Superunitary Representations of Heisenberg Supergroups

TL;DR

This paper broadens the concept of superunitary representations for Heisenberg supergroups using a new Hilbert superspace framework, enabling a generalized representation theory and Fourier analysis applicable across various signatures.

Contribution

It introduces a new definition of superunitary representations based on Hilbert superspaces, extending the classical theory to all signatures and including metaplectic supergroups.

Findings

Established a generalized Stone-von Neumann theorem for supergroups.

Constructed superunitary dual and Fourier transform satisfying Parseval's theorem.

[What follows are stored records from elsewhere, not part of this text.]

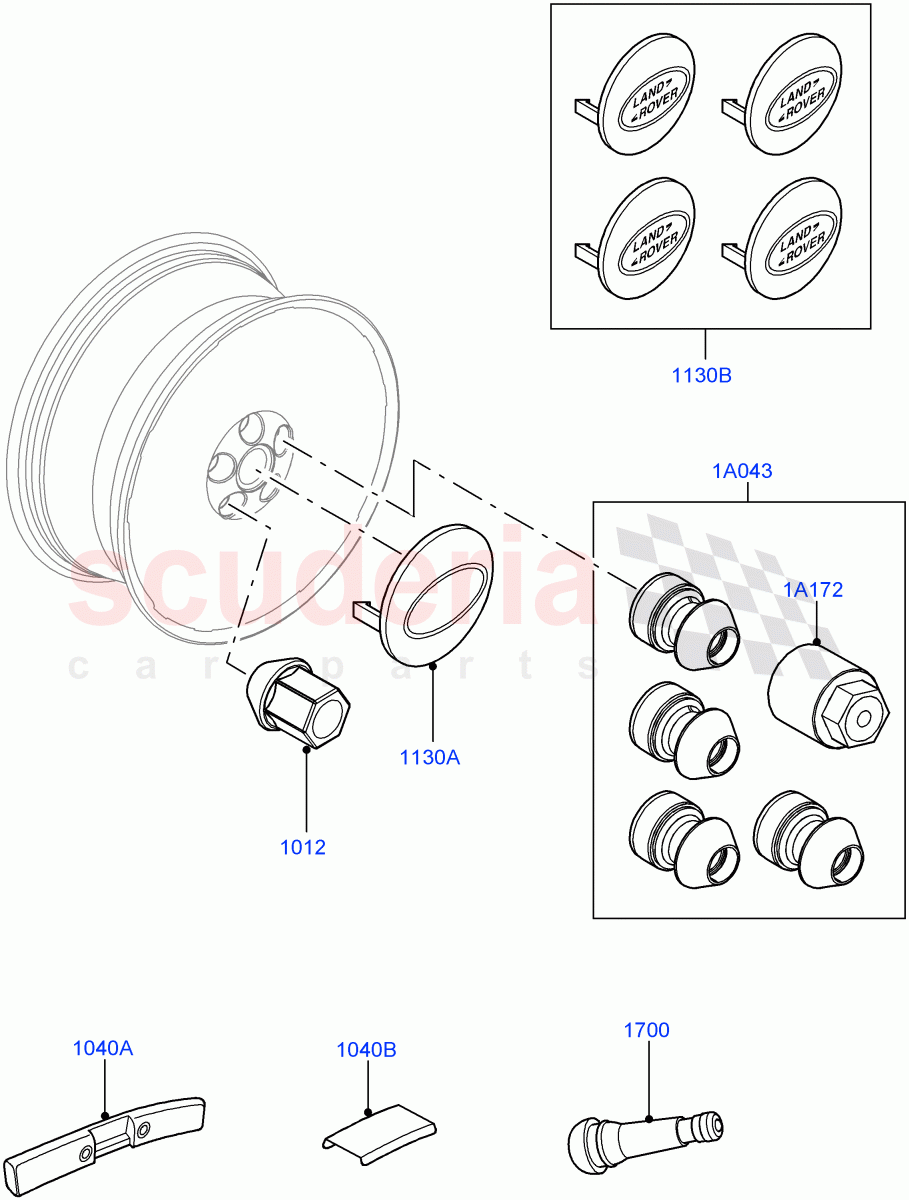 Wheels (Additional Equipment) (Itatiaia (Brazil)) of Land Rover Land Rover Range Rover Evoque (2019+) [2.0 Turbo Diesel]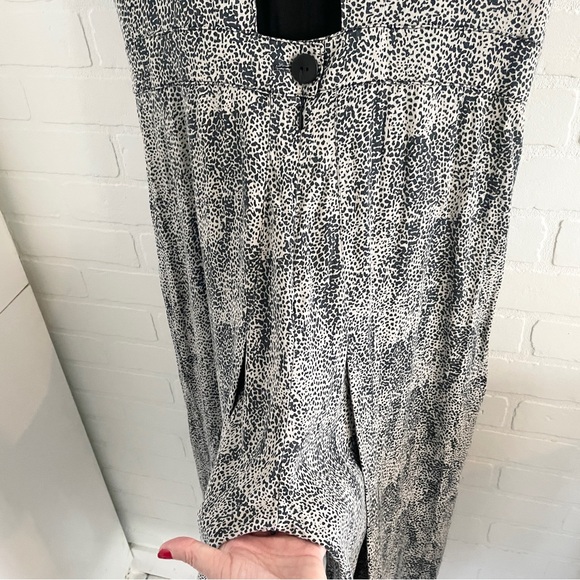 Anthropologie Annie 50 Open Back Wide Leg Drape Jumpsuit L Made in Canada - Picture 5 of 14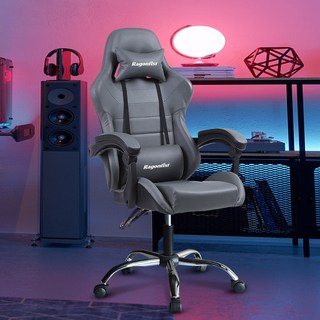 電腦椅傢用電競椅可躺舒適賽車椅人體工學辦公椅遊戲競技椅子跨境, 灰黑聯動扶手可躺135度+鋼製腳（推薦）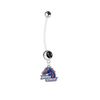 Boise State Broncos Pregnancy Black Maternity Belly Button Navel Ring - Pick Your Color
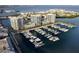 Aerial view of a luxury waterfront community with many boats at 5120 Marina Way # 21406, Tampa, FL 33611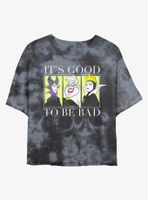 Disney Villains Good To Be Bad Tie-Dye Womens Crop T-Shirt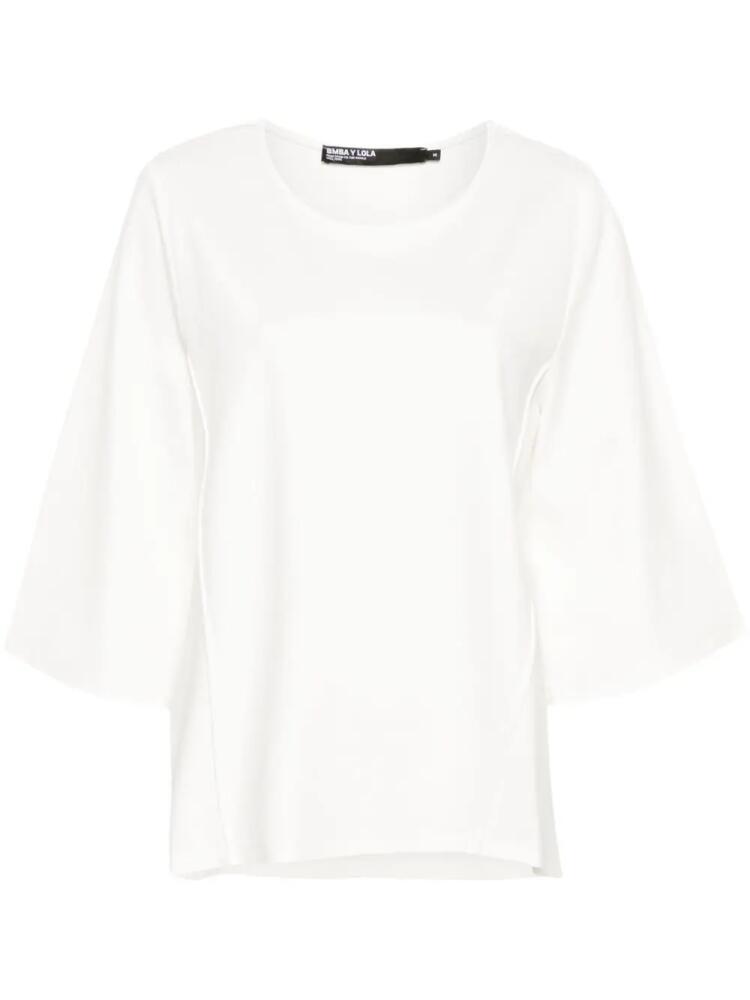 Bimba y Lola three quarter-sleeve T-shirt - White Cover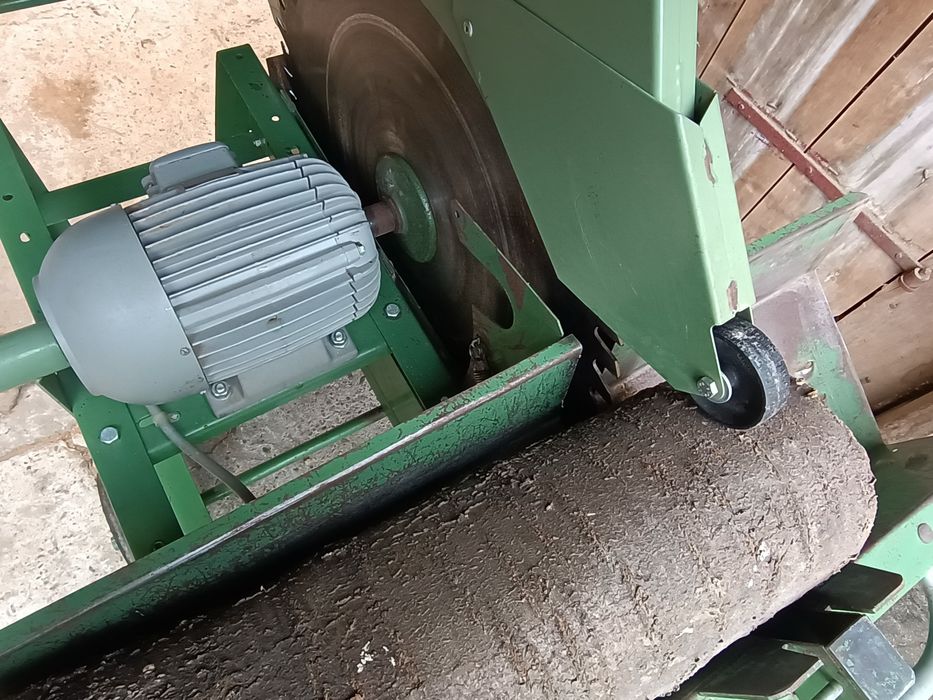 Mocna 5 kW Piła 2w1 stołowa wahadłowa krajzega cerkukatka cyrkularka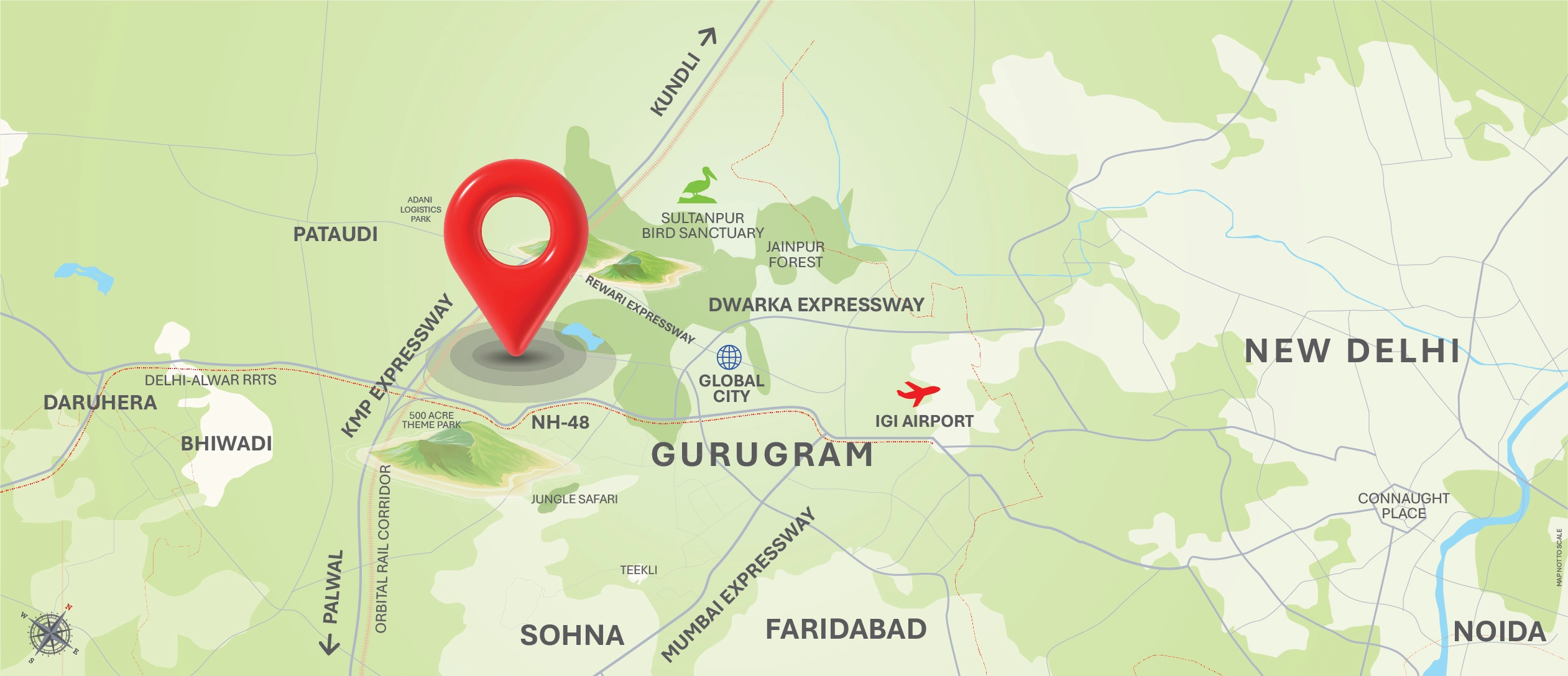 M3M Forestia West Manesar Location Map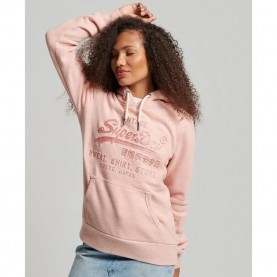 суичър,дамски,блузи,superdry,vintage,logo,emboss,hoodie,pink,(abbey,peach)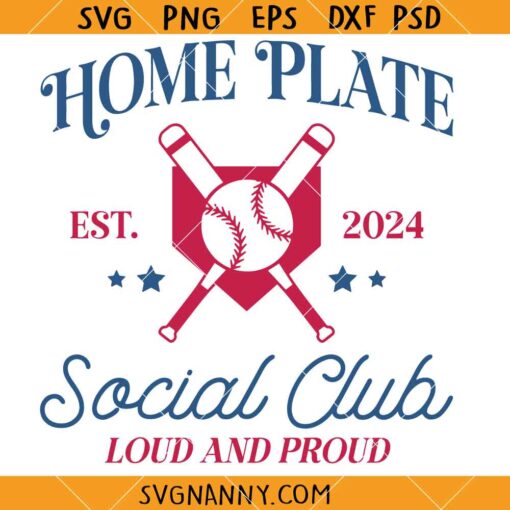 Home Plate Social club SVG, Home Plate Svg, Social Club Svg, Baseball Mom Svg, Baseball Family Svg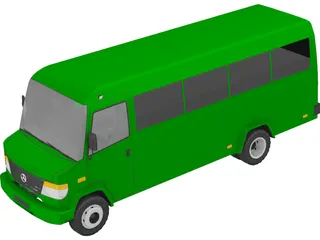 Mercedes-Benz Vario 3D Model preview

Extended superunitary representations to metaplectic supergroups.

Abstract

Numerous Lie supergroups do not admit superunitary representations except the trivial one, e.g., Heisenberg and orthosymplectic supergroups in mixed signature. To avoid this situation, we introduce in this paper a broader definition of superunitary representation, relying on a new definition of Hilbert superspace. The latter is inspired by the notion of Krein space and was developed initially for noncommutative supergeometry. For Heisenberg supergroups, this new approach yields a smooth generalization, whatever the signature, of the unitary representation theory of the classical Heisenberg group. First, we obtain Schrodinger-like representations by quantizing generic coadjoint orbits. They satisfy the new definition of irreducible superunitary representations and serve as ground to the main result of this paper: a generalized Stone-von Neumann theorem. Then, we obtain the superunitary dual and build a group Fourier transformation, satisfying Parseval theorem. We eventually show that metaplectic representations, which extend Schrodinger-like representations to metaplectic supergroups, also fit into this definition of superunitary representations.